The bright lights of Los Angeles have consumed more than a few small town natives with big dreams, but Brandon Ingram isn't planning on joining their ranks. The 18-year old small forward from Duke the Lakers are all but assured to select with the second overall pick in the 2016 NBA Draft on Thursday knows he'll have to be exceptional to succeed in the NBA.
Not to worry, he says growing up in the small town of Kinston, North Carolina prepared him to do just that.
"[Kinston is] kind of a tough city to live in," Ingram told assembled reporters a day before the draft. "A city where you have to separate yourself to succeed in life."
Ingram seems to have separated himself from almost his entire draft class quite well but, while he acknowledges he's heard rumors, Ingram says he has no promises of going anywhere when Adam Silver starts calling players names on Thursday night at the Barclays Center in Brooklyn.

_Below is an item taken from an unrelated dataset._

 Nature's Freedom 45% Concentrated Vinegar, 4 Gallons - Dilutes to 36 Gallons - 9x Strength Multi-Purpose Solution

That uncertainty would make a lot of people nervous, but Ingram says he's not worried about where he ends up, and that he'll work as hard as possible to prove to any team that drafts him that they made the right call.
"Getting drafted alone is great itself," said Ingram. "So 1,2,3, I'll be happy."
In the exceedingly likely event they do draft Ingram, the Lakers will be happy as well. The versatile 6'9 forward with a 7'3 wingspan projects as a perfect fit with the team's young core of Julius Randle, Jordan Clarkson, D'Angelo Russell, and Larry Nance, Jr.
That's a big plus in the "pros" column when evaluating how good of a pick he'll be for the Lakers, but Ingram's combination of shooting and defensive potential would prove a snug fit for just about any NBA team, and he's noticed how well his game will translate to the modern NBA.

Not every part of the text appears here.